A peculiar route for hikers and cyclists is the Tea Trail. This designated route takes one through several small towns and villages, exploring tea houses and craft barn cafes at each stop. It combines breathtaking scenery with rural charm, and an opportunity to take in a nice pot of tea with some scones two or three times a day.
Finally, it would be hard to discuss outdoor activities in a place called " The Lake District " without looking at water sports. Many of the region's lakes have opportunities for renting a sailing dinghy, or learning how to handle one. There is also kayaking, canoeing, and wind-surfing on the area's waters. Also, anyone who feels up to braving the chilly waters (or putting on a wetsuit) can go for a swim. Finally, any area so renowned for its lakes and rivers will also be a magnet for anglers, and fishermen who like trout will find The Lake District especially inviting.

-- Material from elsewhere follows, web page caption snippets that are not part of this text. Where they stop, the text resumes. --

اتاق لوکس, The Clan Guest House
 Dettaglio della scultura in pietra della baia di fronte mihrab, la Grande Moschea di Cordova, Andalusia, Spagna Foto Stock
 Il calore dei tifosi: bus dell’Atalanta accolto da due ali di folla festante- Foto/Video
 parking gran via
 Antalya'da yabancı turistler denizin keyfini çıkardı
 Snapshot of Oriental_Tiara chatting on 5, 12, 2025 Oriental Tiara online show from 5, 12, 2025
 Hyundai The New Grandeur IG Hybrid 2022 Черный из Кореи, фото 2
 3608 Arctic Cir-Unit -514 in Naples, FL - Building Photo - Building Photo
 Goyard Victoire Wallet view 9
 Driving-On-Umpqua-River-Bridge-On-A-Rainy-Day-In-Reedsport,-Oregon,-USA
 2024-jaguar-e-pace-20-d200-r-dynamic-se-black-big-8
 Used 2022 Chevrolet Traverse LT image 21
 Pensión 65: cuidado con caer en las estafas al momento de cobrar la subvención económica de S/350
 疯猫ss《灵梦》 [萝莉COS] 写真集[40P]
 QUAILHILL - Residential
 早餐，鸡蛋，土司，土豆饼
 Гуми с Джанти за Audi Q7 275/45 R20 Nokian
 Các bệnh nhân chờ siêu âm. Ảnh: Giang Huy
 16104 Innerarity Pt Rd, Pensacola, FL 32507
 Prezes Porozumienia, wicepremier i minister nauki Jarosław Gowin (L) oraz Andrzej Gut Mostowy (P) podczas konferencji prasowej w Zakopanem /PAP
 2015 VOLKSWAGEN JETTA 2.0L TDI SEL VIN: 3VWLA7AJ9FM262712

Of course, any of those adventure sports are liable to work up a powerful appetite, and The Lake District comes well-equipped to satisfy that. To unwind after a hard slog, there are the products of 24 microbreweries and 2 cider makers, all from The Lake District region. Most of the local pubs will be serving these equally local brews, so there won't be much trouble in finding them. The area is home to its own special variety of Cumbrian (or Cumberland) sausage. There are plenty of quaint inns and picturesque pubs for eating out, as well as fine restaurants set in 16th century country manors.
There is also plenty of history to be found in the Cumbrian fastness of the Lake District. Carlisle Castle dates from the late 11th Century, built by the son of William the Conqueror. There is also Birdoswald, a 16th Century farmhouse that sits atop a Roman fort. The sight lies very near Hadrian's Wall, and thus is something of a must-see for fans of ancient history.
There are accommodation options in the Lake District to span every taste. With so much natural beauty and outdoor adventure, there are several campgrounds and caravan parks to choose from. There are also plenty of country inns, farmhouse accommodation, and bed and breakfasts, as well as some truly interesting and quirky hostels. Finally, those who demand a certain level of luxury will find some well-appointed and highly rated hotels.
For the outdoors enthusiast, The Lake District is one of the best destinations in the U.K., and the best within England. Past those craving the great outdoors, however, the district does have a little something in its upcountry charms for everyone.